Testing that a varchar could be converted to a uniqueidentifier

  • David Betteridge (7/4/2012)


    just tried another clr version which multiple functions which return different data types (as below). and used Jeff's test harness (attached).

    there was no clear winner!

    I suspect that the C# code runs very fast for this and that the reason why they came out so even is because they are so fast compared to the cost of invoking them.

    --Jeff Moden


    RBAR is pronounced "ree-bar" and is a "Modenism" for Row-By-Agonizing-Row.
    First step towards the paradigm shift of writing Set Based code:
    ________Stop thinking about what you want to do to a ROW... think, instead, of what you want to do to a COLUMN.
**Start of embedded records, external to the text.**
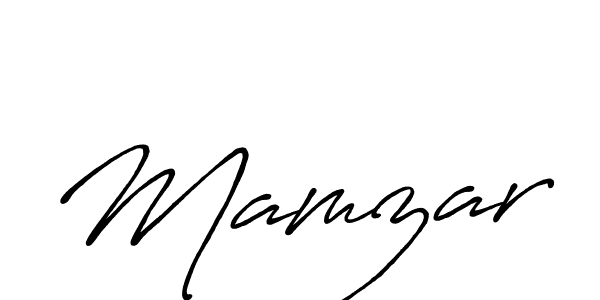 Also You can easily find your signature by using the search form. We will create Mamzar name handwritten signature images for you free of cost using Antro_Vectra_Bolder sign style. Mamzar signature style 7 images and pictures png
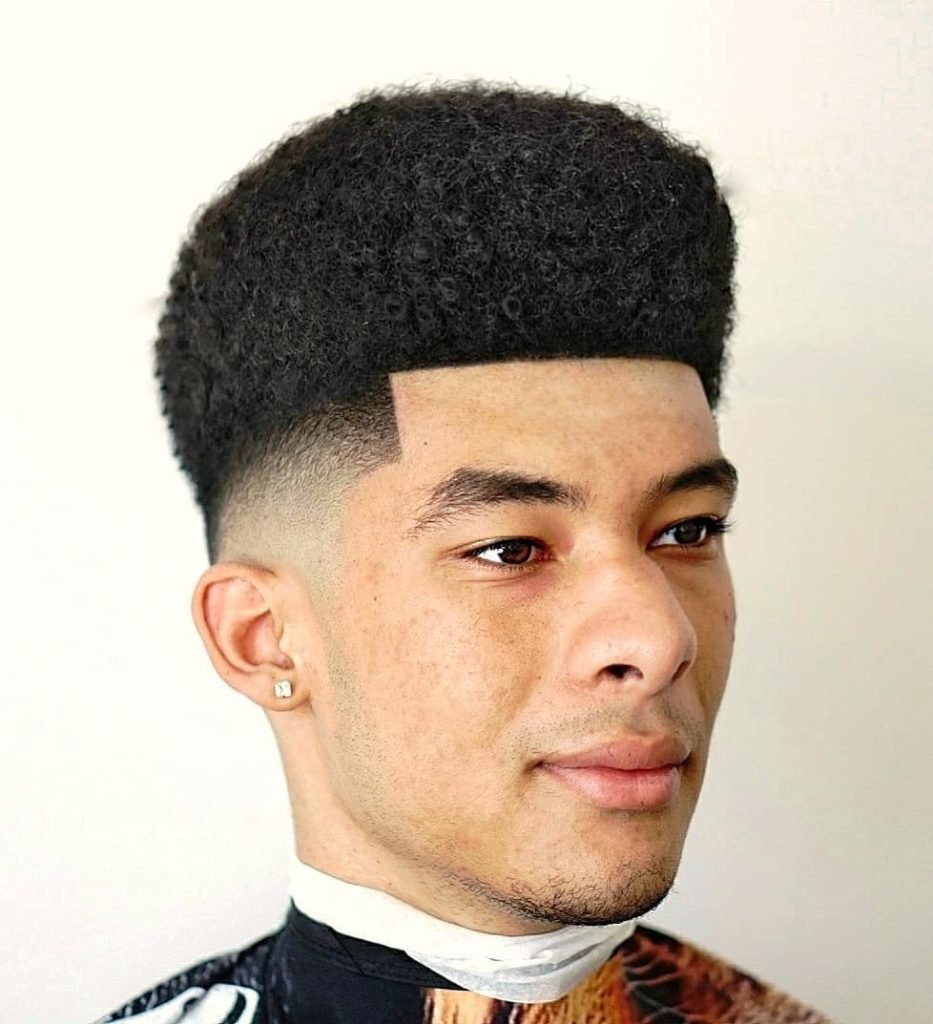 Low Bald Taper Fade Black Male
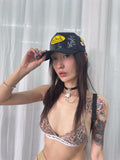 FOURFORTY Sparkling Sequin Badge Women's Casual Chic Adjustable Back Strap Baseball Caps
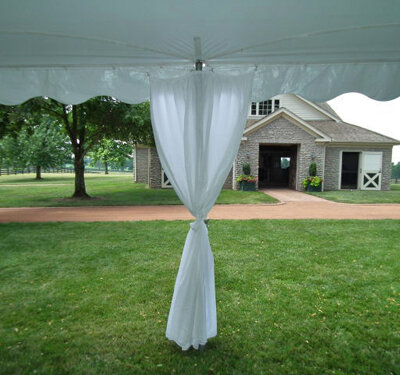 Tent Pole Drape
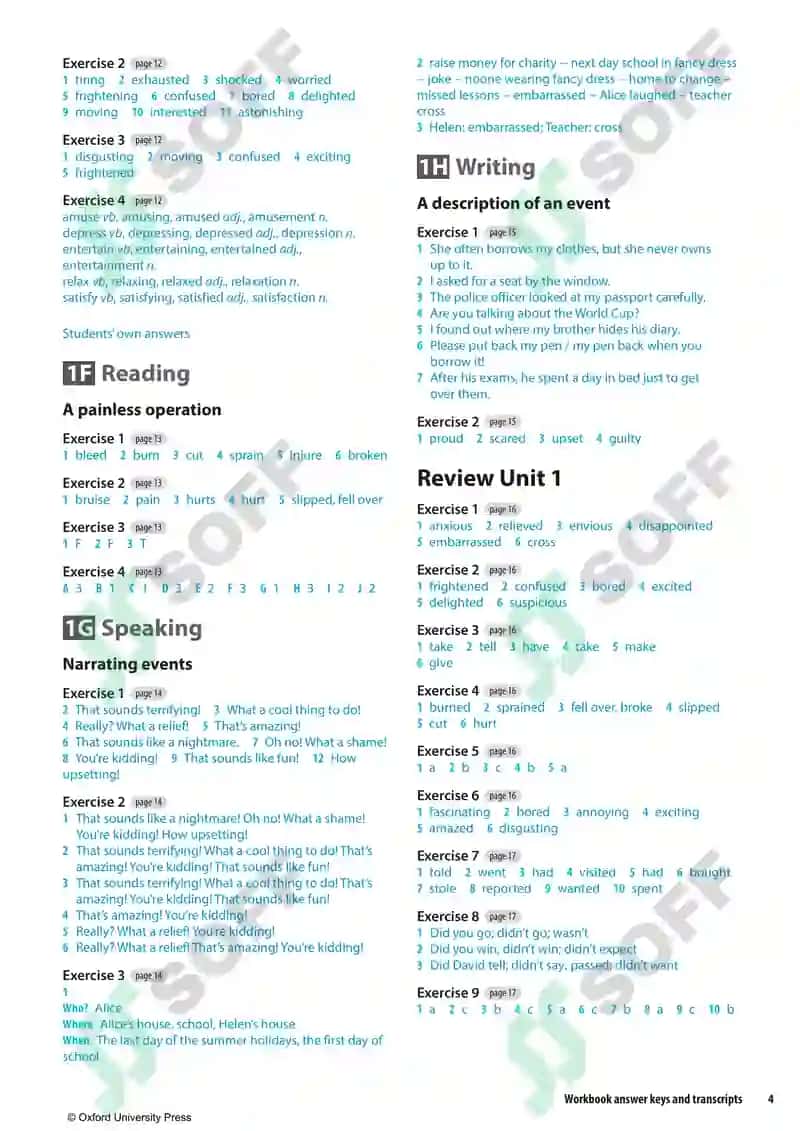 Solution pre- intermadite workbook answer key 4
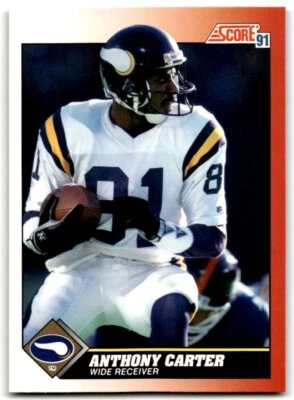 1991 Score Anthony Carter Minnesota Vikings #182 - Image 1 of 2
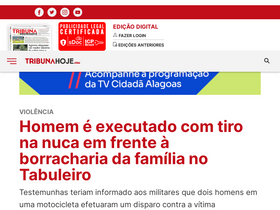 'tribunahoje.com' screenshot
    Change is inevitable... Change for the better is not.


    Helpful Links:
    How to post code problems
    How to Post Performance Problems
    Create a Tally Function (fnTally)

  • Gullimeel (7/4/2012)


    In most all cases (index or not), the simple "Jeff" function held it's own against the CLR (even after removing the "bit" penalty where it finally passed about half the time) and the "Gullimeel" function didn't catch up and then pass until more than 50% of the data was non-GUID data.

    I already mentioned that my method wil be better when most of the data is non guid..

    I used the same number of rows that Gullimeel used (121,317) for each test. I'm not sure where the "47ms" time came from in his tests unless he had some massive parallelism going on. I'm limited to only 2 - 2.8GHz processors on my laptop for testing. It's also why I like to see complete test harnesses so that folks don't have to try to recreate what actually happened.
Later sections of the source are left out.